Challenges

There’s nothing like waking up well-rested after a good night’s sleep. And who doesn’t love visiting with friends over a homemade meal or listening to music and moving to the beat?
These simple pleasures aren’t indulgences to save for vacation or a rainy day. They are habits that support good brain health if done regularly. AARP’s Global Council on Brain Health, a collaborative of scientists, health professionals, scholars and policy experts, reviewed decades of research on the ways our habits and choices may affect our cognitive and mental health. Their findings support the six pillars of brain health: Eat right, be social, manage stress, engage your brain, exercise regularly and get restorative sleep.
The key is to make a habit of all six. “The more you do … the better,” said AARP’s Sarah Lenz Lock, executive director of the GCBH at a March 2023 meeting of the American Society on Aging. Lock was on stage with Sanjay Gupta, M.D., CNN’s chief medical correspondent and author of 12 Weeks to a Sharper You. Many of the pillars support each other. Regular exercise can help you sleep, for example, and socializing can ease the effects of stress.
No one can promise that following the six pillars will prevent dementia. But we know that lifestyle can profoundly affect the aging process and the risk of chronic illness. Gupta also pointed to the present-day benefits of following the six pillars. “I don't want to overpromise,” he said, “but what I can say is you will feel better.”
Let’s look at each pillar. As you’ll see, there’s a lot of room for choice — and fun.
1. Eat right. (Hint: You don’t have to choose between healthy and delicious.)
You hear a lot about eating for heart health, and, as it turns out, what’s good for the heart is good for the brain.
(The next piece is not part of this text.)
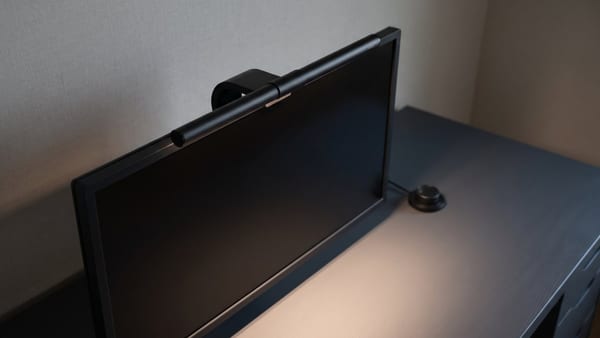 BenQ ScreenBar Halo を1年以上使った｜「無いとPCが使えない」ところまで来た話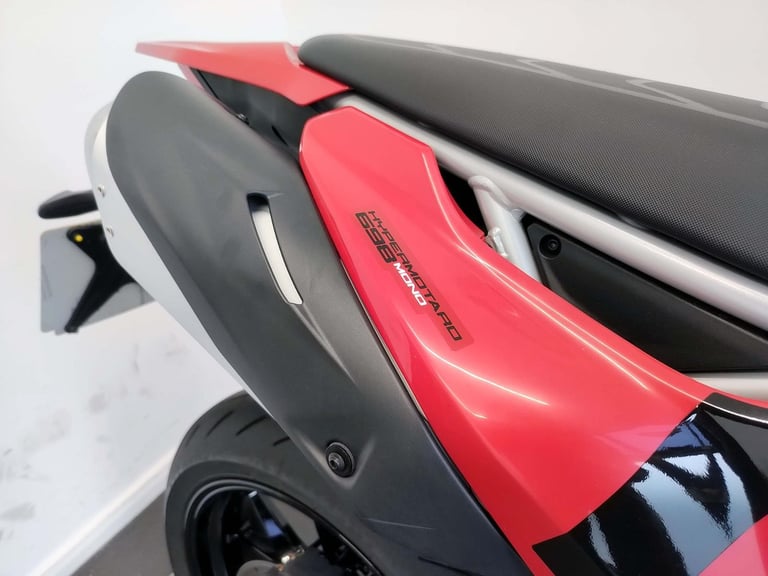 2025 Ducati Hypermotard 698 Mono Red 925 Miles | £176 Dep & £176 pcm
And the best news: This does not mean endless steamed broccoli and egg whites. The traditional, delicious Mediterranean diet — with a foundation of vegetables and fruit, beans, seafood, olive oil, nuts and whole grains — captured the interest of researchers in the 1960s because of the region’s low rates of chronic illness and high life expectancy.
Scientific support for the Mediterranean diet’s benefits continues to grow. Researchers followed 16,160 people ages 30 to 70 in Spain who were part of the long-running nutrition study known as the EPIC study, described in Nutrients in 2021. Those who followed a Mediterranean diet most closely over 20 years had a 20 percent lower risk for dementia than those who did not follow a Mediterranean diet.
There are more brain-healthy ways of eating, such as the traditional Okinawan diet from Japan, which emphasizes purple and orange sweet potatoes, plus other colorful vegetables, as well as offshoots of the Mediterranean diet like the MIND diet. All of these diets emphasize plant foods like vegetables, fruit, beans and grains and limit highly processed foods, fried foods, red meat and other foods high in saturated fat, sodium and sugar. The GCBH further recommends including fish and seafood, nuts, poultry and low-fat dairy.
Experiment with recipes to find dishes you enjoy.